• **THE TASK**
Only the text of the entries below should be returned, exactly as given, without pictures.

• **TASK DATA**
▬▬▬▬▬▬

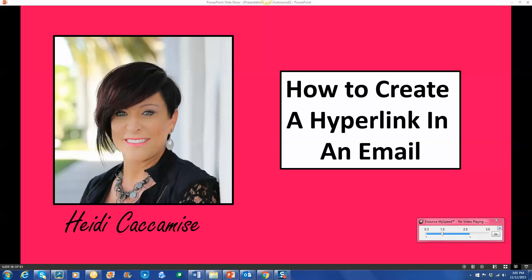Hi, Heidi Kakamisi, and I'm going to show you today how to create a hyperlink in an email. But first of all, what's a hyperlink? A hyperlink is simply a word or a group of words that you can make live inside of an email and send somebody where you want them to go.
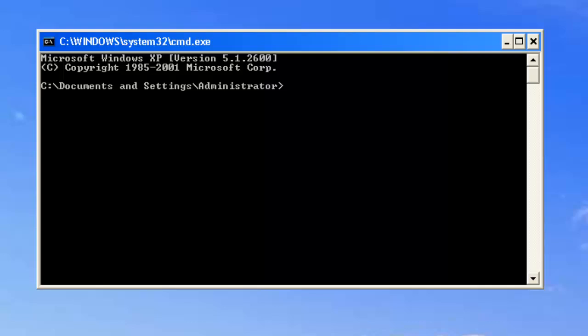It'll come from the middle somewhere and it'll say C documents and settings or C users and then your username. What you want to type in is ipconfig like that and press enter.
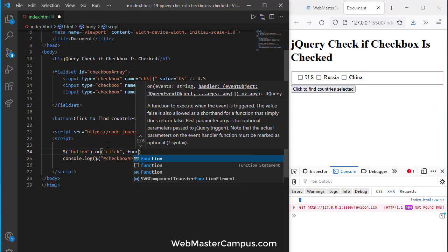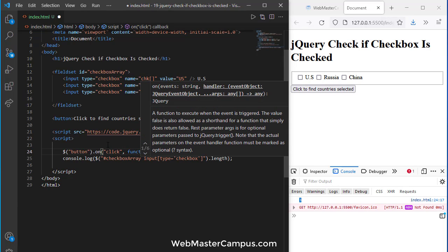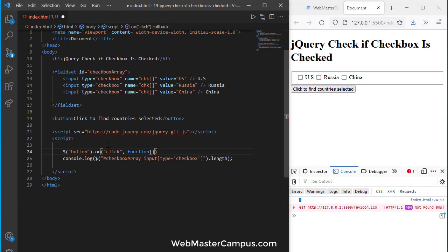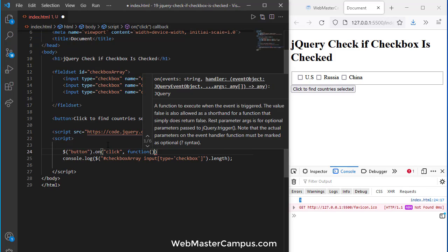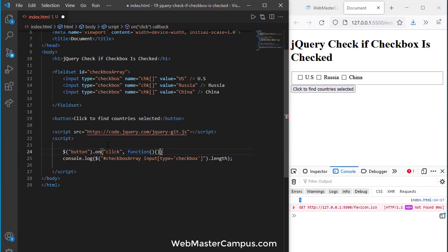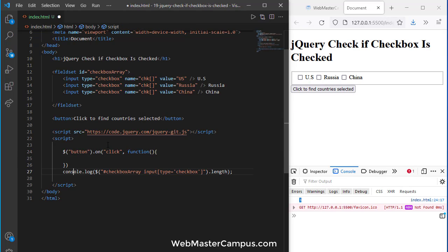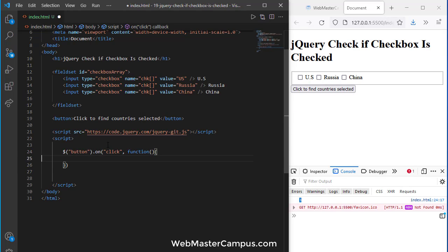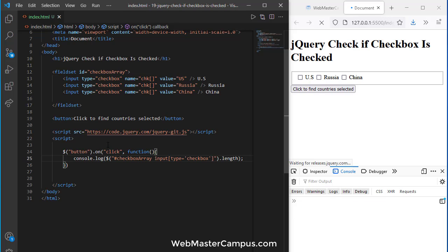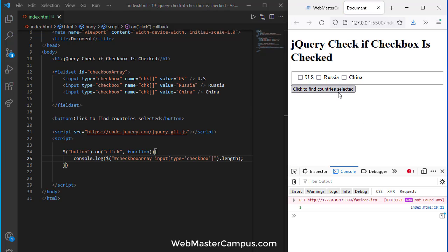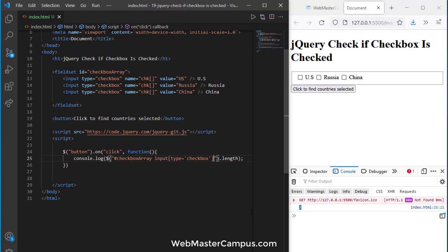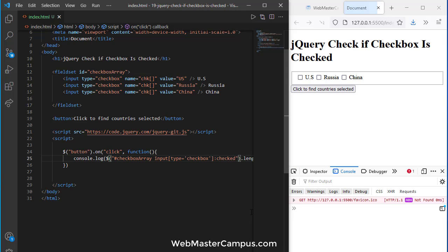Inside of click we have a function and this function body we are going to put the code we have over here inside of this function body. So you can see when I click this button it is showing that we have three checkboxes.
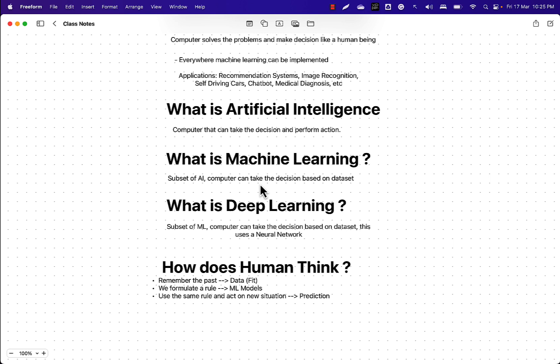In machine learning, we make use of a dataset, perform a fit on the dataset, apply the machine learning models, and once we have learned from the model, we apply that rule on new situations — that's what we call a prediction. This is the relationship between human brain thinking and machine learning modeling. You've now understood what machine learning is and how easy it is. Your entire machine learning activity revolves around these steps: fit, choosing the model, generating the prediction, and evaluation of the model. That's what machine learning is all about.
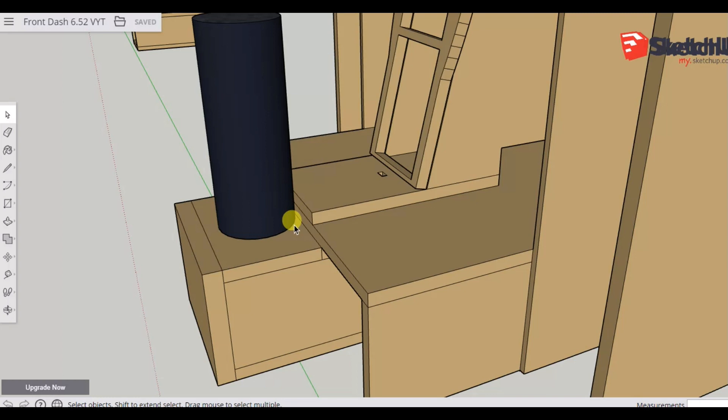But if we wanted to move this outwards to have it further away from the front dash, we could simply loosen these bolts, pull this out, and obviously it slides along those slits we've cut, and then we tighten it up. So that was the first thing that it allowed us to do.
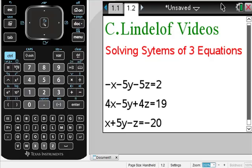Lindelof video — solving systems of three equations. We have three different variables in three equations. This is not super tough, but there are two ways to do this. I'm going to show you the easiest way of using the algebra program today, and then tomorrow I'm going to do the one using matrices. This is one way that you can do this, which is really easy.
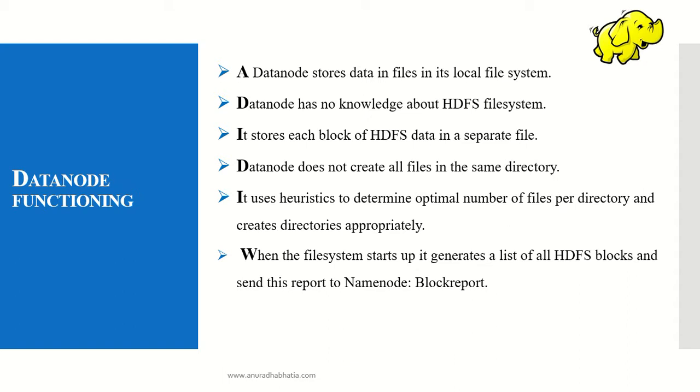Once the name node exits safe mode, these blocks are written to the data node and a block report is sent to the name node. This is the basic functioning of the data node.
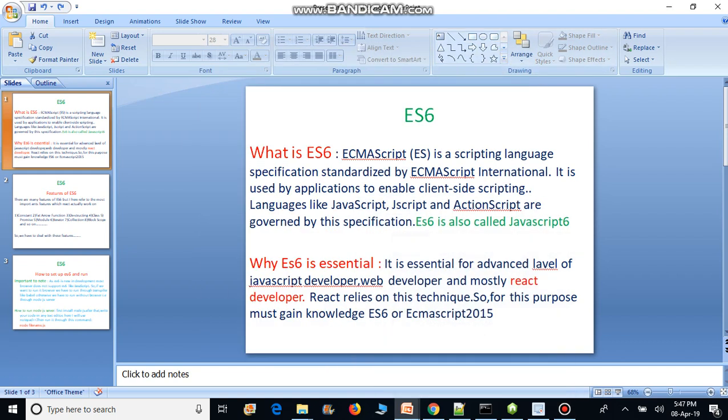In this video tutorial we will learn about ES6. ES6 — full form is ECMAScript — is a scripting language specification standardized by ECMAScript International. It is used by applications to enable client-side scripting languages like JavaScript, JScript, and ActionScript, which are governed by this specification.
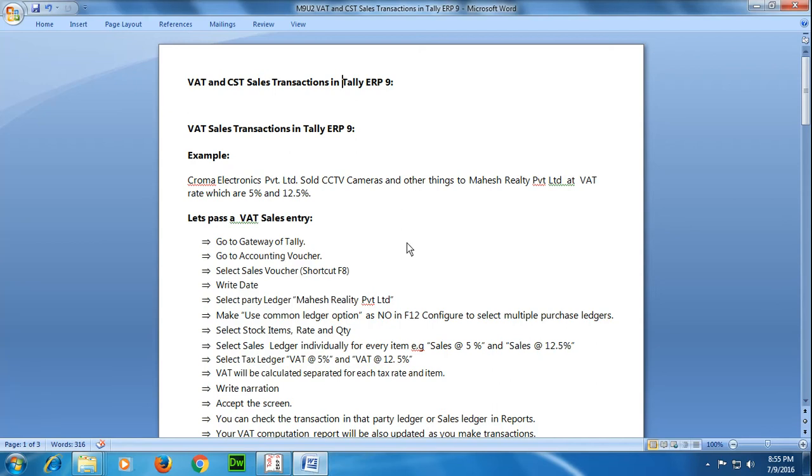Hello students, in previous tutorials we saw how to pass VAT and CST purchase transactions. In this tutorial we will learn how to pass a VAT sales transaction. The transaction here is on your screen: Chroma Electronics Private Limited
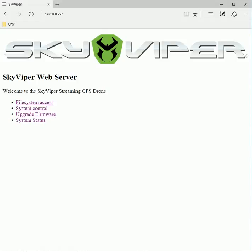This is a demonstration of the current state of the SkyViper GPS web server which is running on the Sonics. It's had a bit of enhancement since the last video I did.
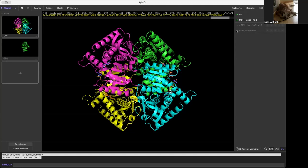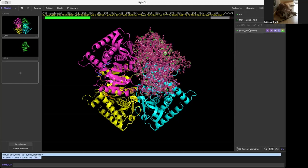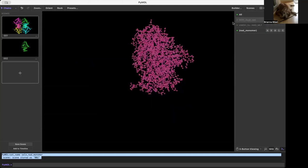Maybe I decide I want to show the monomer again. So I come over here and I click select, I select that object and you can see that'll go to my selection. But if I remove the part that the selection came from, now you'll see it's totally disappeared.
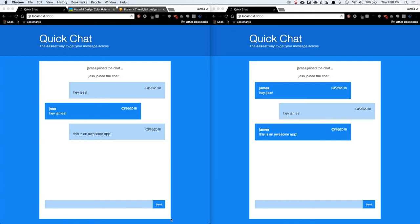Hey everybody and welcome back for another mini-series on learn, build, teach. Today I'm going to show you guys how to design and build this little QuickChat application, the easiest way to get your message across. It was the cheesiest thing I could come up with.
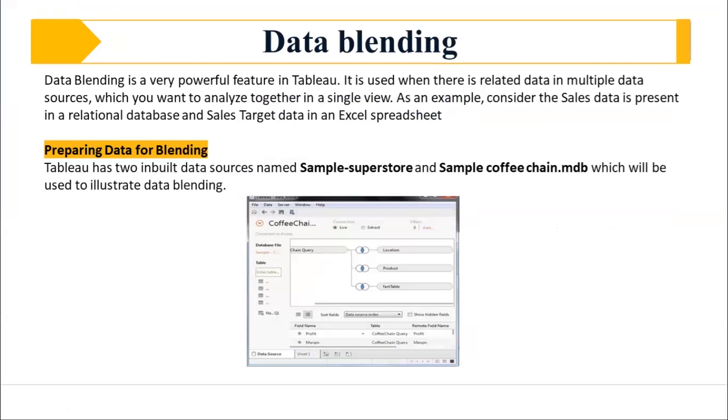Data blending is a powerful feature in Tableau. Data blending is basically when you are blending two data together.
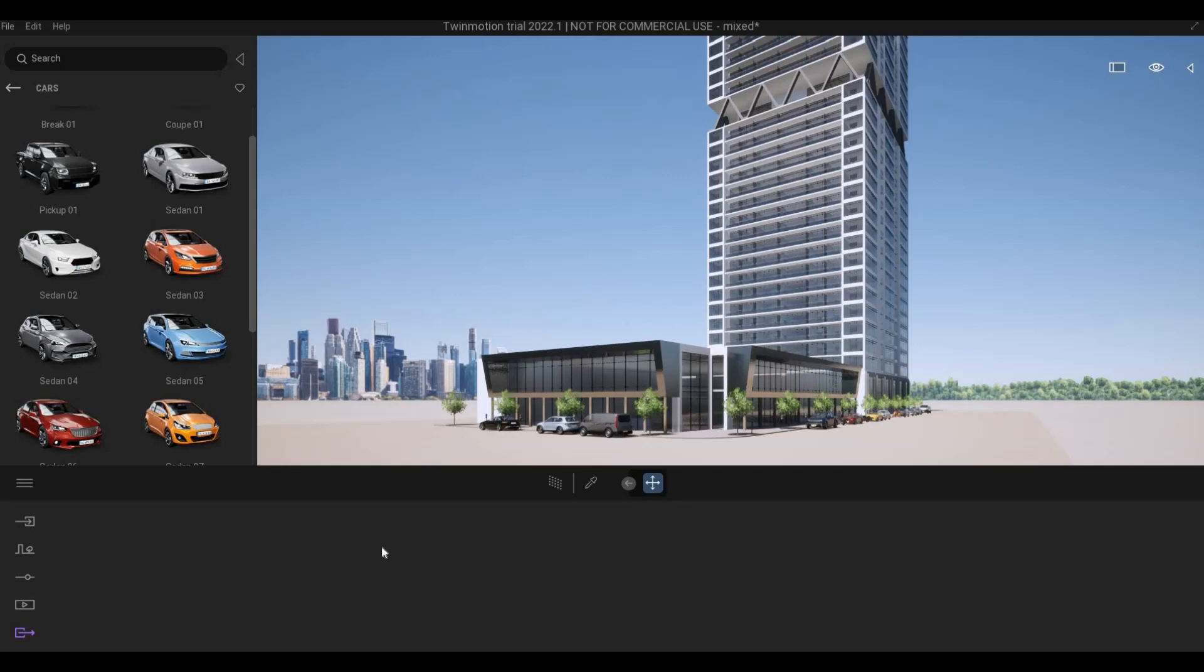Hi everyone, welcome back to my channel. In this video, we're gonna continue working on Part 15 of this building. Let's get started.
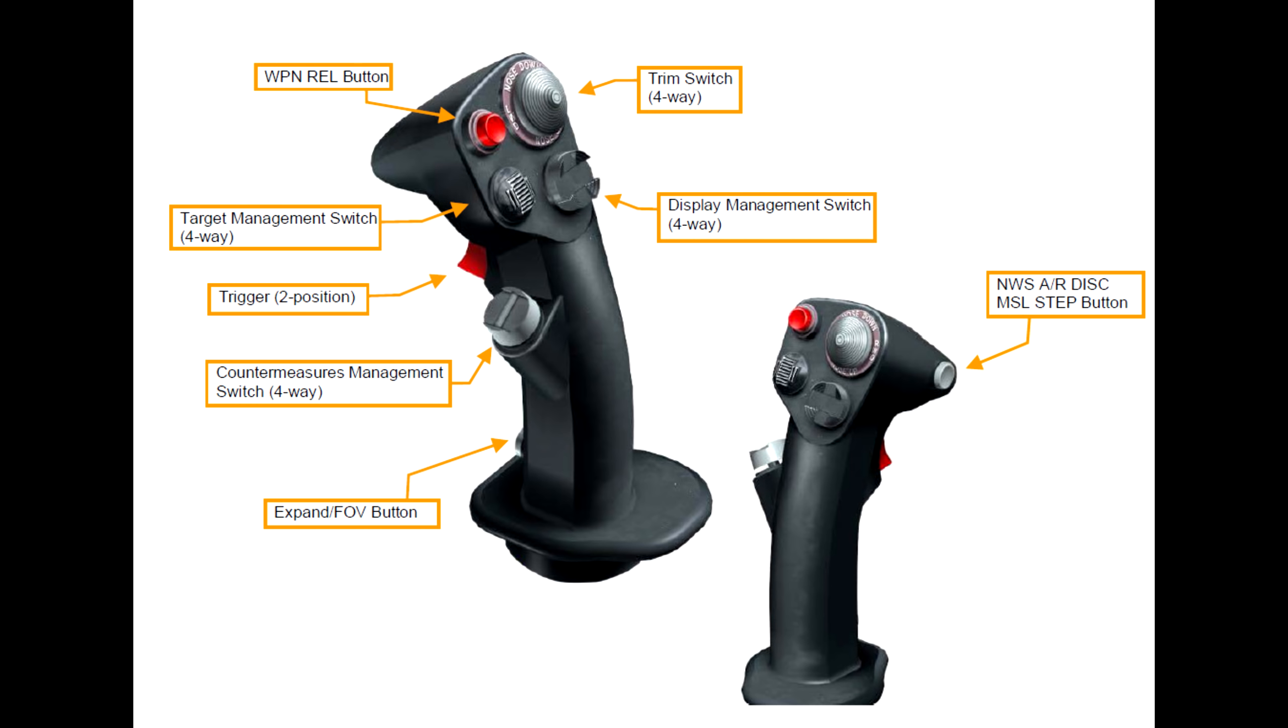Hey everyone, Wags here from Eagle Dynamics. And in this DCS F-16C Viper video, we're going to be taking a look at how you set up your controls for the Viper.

▬▬▬▬▬▬

• **TASK RESULT**
Hi, Heidi Kakamisi, and I'm going to show you today how to create a hyperlink in an email. But first of all, what's a hyperlink? A hyperlink is simply a word or a group of words that you can make live inside of an email and send somebody where you want them to go.
It'll come from the middle somewhere and it'll say C documents and settings or C users and then your username. What you want to type in is ipconfig like that and press enter.
Inside of click we have a function and this function body we are going to put the code we have over here inside of this function body. So you can see when I click this button it is showing that we have three checkboxes.
In machine learning, we make use of a dataset, perform a fit on the dataset, apply the machine learning models, and once we have learned from the model, we apply that rule on new situations — that's what we call a prediction. This is the relationship between human brain thinking and machine learning modeling. You've now understood what machine learning is and how easy it is. Your entire machine learning activity revolves around these steps: fit, choosing the model, generating the prediction, and evaluation of the model. That's what machine learning is all about.
But if we wanted to move this outwards to have it further away from the front dash, we could simply loosen these bolts, pull this out, and obviously it slides along those slits we've cut, and then we tighten it up. So that was the first thing that it allowed us to do.
Lindelof video — solving systems of three equations. We have three different variables in three equations. This is not super tough, but there are two ways to do this. I'm going to show you the easiest way of using the algebra program today, and then tomorrow I'm going to do the one using matrices. This is one way that you can do this, which is really easy.
Once the name node exits safe mode, these blocks are written to the data node and a block report is sent to the name node. This is the basic functioning of the data node.
In this video tutorial we will learn about ES6. ES6 — full form is ECMAScript — is a scripting language specification standardized by ECMAScript International. It is used by applications to enable client-side scripting languages like JavaScript, JScript, and ActionScript, which are governed by this specification.
Hello students, in previous tutorials we saw how to pass VAT and CST purchase transactions. In this tutorial we will learn how to pass a VAT sales transaction. The transaction here is on your screen: Chroma Electronics Private Limited
This is a demonstration of the current state of the SkyViper GPS web server which is running on the Sonics. It's had a bit of enhancement since the last video I did.
Maybe I decide I want to show the monomer again. So I come over here and I click select, I select that object and you can see that'll go to my selection. But if I remove the part that the selection came from, now you'll see it's totally disappeared.
Hey everybody and welcome back for another mini-series on learn, build, teach. Today I'm going to show you guys how to design and build this little QuickChat application, the easiest way to get your message across. It was the cheesiest thing I could come up with.
Data blending is a powerful feature in Tableau. Data blending is basically when you are blending two data together.
Hi everyone, welcome back to my channel. In this video, we're gonna continue working on Part 15 of this building. Let's get started.
Hey everyone, Wags here from Eagle Dynamics. And in this DCS F-16C Viper video, we're going to be taking a look at how you set up your controls for the Viper.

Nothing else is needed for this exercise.